If you ask me to pick which tourist attraction in Fiji is most compelling, I would say, “You’ve got to be kidding me.” Fiji is just teeming with unique and first-class attractions from the white-sand beaches to cultural centers, from a traditional village to colorful coral reefs. Now, what about Navua River? Let me tell you how this charming river could compete as one of the Fijian spots that you should visit.
Located on Fiji’s main and most important islands, Viti Levu, this 65-kilometer long river is known for its serene and scenic beauty and to flow from an equally picturesque rugged mountain landscape. If you take a leisurely boat trip against the current, you would pass by traditional villages, amazing waterfalls and breathtaking gorges. You would want to stop at one of the villages to meet that locals and join a traditional kava ceremony. This is possible, especially if you are in a tour package. I would definitely advise that you hire a professional English-speaking guide or get into a tour so you would know when to get off and what activities are available along Navua River. If you are on your own, you could miss the spot where tourists normally take a swim in fresh mountain water. Now that would be a sad thing.

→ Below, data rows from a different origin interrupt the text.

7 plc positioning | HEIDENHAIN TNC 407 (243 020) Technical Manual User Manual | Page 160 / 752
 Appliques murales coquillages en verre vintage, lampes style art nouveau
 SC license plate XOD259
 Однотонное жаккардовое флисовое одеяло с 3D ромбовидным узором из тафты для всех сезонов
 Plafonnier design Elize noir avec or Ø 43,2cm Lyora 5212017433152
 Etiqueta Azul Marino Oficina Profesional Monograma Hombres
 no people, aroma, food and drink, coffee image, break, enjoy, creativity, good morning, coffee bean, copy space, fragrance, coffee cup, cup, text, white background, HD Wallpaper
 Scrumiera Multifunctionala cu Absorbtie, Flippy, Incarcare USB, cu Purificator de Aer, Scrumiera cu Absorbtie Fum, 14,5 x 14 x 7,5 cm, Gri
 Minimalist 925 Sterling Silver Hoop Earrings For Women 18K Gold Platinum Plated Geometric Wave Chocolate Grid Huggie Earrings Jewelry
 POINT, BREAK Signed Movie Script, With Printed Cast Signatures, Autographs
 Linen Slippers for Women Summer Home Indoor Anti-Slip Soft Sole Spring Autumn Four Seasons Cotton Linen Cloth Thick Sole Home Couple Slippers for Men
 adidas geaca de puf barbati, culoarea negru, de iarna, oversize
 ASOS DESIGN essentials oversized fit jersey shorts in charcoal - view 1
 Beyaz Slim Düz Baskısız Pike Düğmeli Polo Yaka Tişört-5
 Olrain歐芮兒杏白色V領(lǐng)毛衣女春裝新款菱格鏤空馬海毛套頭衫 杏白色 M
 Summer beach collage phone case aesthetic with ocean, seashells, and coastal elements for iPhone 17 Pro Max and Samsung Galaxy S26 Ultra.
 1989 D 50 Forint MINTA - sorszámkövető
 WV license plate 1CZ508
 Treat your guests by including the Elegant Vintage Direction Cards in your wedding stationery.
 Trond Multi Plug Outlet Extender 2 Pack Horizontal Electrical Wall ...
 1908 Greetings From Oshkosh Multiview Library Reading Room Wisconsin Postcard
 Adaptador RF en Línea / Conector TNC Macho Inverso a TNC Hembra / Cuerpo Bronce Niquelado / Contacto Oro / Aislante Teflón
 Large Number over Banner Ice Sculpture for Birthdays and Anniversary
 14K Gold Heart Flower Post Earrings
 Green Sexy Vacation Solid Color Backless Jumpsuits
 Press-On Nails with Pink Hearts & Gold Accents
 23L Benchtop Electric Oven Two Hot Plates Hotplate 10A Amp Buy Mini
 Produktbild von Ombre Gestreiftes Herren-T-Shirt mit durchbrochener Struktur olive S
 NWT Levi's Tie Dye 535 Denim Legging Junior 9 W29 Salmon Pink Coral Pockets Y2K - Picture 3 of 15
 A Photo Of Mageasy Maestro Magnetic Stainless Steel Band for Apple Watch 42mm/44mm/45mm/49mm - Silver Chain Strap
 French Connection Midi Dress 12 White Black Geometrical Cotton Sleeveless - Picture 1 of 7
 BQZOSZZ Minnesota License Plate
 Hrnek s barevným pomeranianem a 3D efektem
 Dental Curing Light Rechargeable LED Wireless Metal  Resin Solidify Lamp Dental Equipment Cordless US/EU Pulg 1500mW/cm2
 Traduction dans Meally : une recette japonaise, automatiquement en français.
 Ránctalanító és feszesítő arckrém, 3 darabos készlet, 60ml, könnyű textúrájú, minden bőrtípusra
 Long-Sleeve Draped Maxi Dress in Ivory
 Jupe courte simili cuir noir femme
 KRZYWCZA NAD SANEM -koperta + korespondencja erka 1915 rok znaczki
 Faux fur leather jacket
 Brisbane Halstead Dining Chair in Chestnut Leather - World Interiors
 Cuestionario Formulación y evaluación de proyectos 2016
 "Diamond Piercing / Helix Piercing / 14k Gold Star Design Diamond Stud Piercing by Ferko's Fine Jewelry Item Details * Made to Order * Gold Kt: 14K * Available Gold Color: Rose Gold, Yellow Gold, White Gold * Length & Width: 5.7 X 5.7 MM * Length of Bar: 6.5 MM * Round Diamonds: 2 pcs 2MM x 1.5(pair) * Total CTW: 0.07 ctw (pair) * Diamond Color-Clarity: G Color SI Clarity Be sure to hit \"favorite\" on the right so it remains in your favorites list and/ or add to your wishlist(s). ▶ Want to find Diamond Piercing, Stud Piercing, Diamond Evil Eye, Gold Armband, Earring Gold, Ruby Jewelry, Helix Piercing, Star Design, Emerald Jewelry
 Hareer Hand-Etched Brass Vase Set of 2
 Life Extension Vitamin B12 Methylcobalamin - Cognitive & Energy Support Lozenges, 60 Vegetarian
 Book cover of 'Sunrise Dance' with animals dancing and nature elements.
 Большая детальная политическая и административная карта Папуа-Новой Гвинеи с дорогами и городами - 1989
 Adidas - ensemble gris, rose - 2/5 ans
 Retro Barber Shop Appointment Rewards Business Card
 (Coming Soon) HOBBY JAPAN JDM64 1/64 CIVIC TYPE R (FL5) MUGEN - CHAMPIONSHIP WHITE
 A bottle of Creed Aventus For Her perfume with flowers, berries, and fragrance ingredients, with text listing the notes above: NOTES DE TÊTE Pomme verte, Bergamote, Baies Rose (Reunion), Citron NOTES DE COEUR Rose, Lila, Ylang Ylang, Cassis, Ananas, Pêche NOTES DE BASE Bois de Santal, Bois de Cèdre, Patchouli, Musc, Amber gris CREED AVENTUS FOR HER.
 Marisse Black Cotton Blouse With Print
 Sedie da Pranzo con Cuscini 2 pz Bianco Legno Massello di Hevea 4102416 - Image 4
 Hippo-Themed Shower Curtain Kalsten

Here are the many activities that happen in and along this popular river: a visit to the Nukusere Village and experience firsthand its culture and traditions, take part in a kava ceremony (more about this later), enjoy a delicious yet exotic tropical lunch, see untouched Mother Nature as its finest, take beautiful pictures to prove that you’ve been to a river that is not like any other in the world, and go for that dip in fresh mountain water.
About the kava ceremony. All Fijians know about this ceremony, and all tourists must experience it to truly say that they’ve been to Fiji. Well, first things first. You should know what a kava is to know what the celebration is all about. A kava is an age-old herbal drink in this part of the world. In the past, it was drunk by the Royal Family and was considered sacred. The kava plant grows abundantly in Fiji and other islands in the Pacific. History would tell you that the drinking of kava and the natives’ high regard for it was one of the first things that Captain Cook noticed when he first saw the islands in the 18th Century. The natives chewed or pounded on the roots and mixed it with brackish water. The result was an anti-depressant drink that is very soothing, medicinal and bitter.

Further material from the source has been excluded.